All right, so I'm told that "you know" post was pretty vitriolic, but it just isn't in me to apologize for that. It's not worth rereading, it's probably more emotional than is appropriate on a blog, but the fact of the matter is, people juvenilize me pretty routinely, and still think I think of *myself* as a kid, and as a general rule I don't fight nor even contradict it. My bed, I'm in it. Sometimes, the sleep gets poor. So it goes.

It does seem strange to me that a forty-almost-three year old woman is still so consistently perceived as being a bit of a child by the people closest in some ways, despite the many evidences of perfectly successful responsibility and adulthood. But I have a personality that apparently lends to a sense of, in different aspects, impulsive childishness (I guess), immature fixations (definitely), perhaps youthfulness, and just a general resistance to age.

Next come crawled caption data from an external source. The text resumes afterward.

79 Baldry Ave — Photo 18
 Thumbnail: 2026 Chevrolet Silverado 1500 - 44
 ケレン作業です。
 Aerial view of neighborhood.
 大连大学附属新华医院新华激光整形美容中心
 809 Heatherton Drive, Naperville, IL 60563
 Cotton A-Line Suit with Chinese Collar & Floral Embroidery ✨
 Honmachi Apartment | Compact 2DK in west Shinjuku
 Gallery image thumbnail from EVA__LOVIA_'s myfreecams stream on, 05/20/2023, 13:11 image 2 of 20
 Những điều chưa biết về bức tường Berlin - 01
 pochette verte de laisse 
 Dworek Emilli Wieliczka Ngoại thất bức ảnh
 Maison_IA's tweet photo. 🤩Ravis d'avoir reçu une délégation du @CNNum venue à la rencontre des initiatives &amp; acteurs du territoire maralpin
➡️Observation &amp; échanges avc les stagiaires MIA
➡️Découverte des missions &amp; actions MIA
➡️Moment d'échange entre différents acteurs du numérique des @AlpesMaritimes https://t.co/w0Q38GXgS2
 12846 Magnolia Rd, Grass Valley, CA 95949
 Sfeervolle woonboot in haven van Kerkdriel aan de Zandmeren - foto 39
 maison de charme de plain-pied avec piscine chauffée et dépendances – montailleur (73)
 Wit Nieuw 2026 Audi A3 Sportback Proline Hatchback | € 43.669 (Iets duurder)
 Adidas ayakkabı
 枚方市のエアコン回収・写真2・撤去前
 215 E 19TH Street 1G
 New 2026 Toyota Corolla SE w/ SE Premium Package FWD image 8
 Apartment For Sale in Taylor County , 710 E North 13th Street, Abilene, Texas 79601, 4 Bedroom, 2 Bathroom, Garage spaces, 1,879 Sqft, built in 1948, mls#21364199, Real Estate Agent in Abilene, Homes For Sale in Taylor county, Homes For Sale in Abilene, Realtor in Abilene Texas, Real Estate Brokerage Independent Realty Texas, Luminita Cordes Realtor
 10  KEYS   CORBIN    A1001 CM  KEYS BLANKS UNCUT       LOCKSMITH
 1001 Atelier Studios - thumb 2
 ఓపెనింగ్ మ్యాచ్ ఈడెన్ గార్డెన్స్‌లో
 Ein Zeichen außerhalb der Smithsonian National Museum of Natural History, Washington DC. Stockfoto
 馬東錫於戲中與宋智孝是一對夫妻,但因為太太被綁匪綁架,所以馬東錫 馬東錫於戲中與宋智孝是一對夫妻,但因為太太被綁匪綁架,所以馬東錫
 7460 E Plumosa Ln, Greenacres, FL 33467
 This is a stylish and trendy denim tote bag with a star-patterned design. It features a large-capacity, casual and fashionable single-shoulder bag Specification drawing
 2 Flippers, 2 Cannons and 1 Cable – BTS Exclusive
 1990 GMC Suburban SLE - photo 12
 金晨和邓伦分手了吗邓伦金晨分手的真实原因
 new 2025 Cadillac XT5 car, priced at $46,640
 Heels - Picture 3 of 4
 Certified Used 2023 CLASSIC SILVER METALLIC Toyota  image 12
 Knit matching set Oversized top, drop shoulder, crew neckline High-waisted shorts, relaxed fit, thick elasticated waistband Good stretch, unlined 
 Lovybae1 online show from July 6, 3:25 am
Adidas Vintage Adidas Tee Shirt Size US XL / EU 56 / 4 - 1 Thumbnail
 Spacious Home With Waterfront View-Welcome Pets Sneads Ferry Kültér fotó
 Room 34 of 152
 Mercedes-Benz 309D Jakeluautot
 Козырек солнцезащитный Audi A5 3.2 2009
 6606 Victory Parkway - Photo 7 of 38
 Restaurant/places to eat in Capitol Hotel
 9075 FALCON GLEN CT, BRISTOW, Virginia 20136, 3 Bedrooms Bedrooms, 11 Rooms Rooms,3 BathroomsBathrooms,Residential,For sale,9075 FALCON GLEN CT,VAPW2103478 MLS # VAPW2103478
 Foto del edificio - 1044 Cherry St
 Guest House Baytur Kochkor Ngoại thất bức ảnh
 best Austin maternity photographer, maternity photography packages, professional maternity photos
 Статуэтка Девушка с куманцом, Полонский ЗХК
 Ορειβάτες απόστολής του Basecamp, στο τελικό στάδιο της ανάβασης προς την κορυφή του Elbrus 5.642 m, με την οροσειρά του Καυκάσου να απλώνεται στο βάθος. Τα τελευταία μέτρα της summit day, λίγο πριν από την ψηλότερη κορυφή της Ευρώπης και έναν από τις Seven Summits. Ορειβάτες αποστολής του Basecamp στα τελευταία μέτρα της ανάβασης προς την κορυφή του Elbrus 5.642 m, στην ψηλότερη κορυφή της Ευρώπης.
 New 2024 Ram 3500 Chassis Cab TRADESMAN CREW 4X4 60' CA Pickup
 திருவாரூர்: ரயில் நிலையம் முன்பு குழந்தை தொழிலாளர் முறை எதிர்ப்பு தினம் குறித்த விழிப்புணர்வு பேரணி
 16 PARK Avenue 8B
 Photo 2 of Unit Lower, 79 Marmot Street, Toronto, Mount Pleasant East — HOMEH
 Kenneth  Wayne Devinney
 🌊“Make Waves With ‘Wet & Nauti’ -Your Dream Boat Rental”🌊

That last one I think remains on the surface even though it's no longer as robust as it once was internally. I have habits of behavior that refuse my being middle-aged ... yet more and more, I quite embrace that part of my being. I decided just this week to quit reacting to my physical creakiness, which I'd been growing a bit more theatrical about, and interestingly, not wasting my time at three a.m. or when I get up, noticing and verbally responding to the pain in my feet has definitely made a difference in my experience of it. More generally, I've long had this business with not looking "my age" - but feeling "I earned my age" - and of late, I look at that age and kind of revel in it, more than in my outward nonconformity to it.

I'm not trying to turn into the old person we hated so much when we were kids. But there is POWER in my age. There is a position I've come to I never attained before. Just as a person, I may be at a different place in terms of my physical condition ... but the place I am in terms of my autonomy is second to none. I have yet again, this year, overcome unemployment. This owes no small debt to the level of my experience, and my confidence.

To my age.

Life drags and smears. So it's no wonder many still default to seeing me in the light I used to see myself. I don't resent it often (though, obviously, there's as much power in that resentment as there is in myself), but of course it comes out. The cognitive dissonance - "don't you people SEE me?" - is frustrating.

But what people see is what I present. So it's on me.

Off I go to do some responsible, mature stuff. With a stupid eighties song in my heart, no doubt. Probably turned up "inappropriately" loud.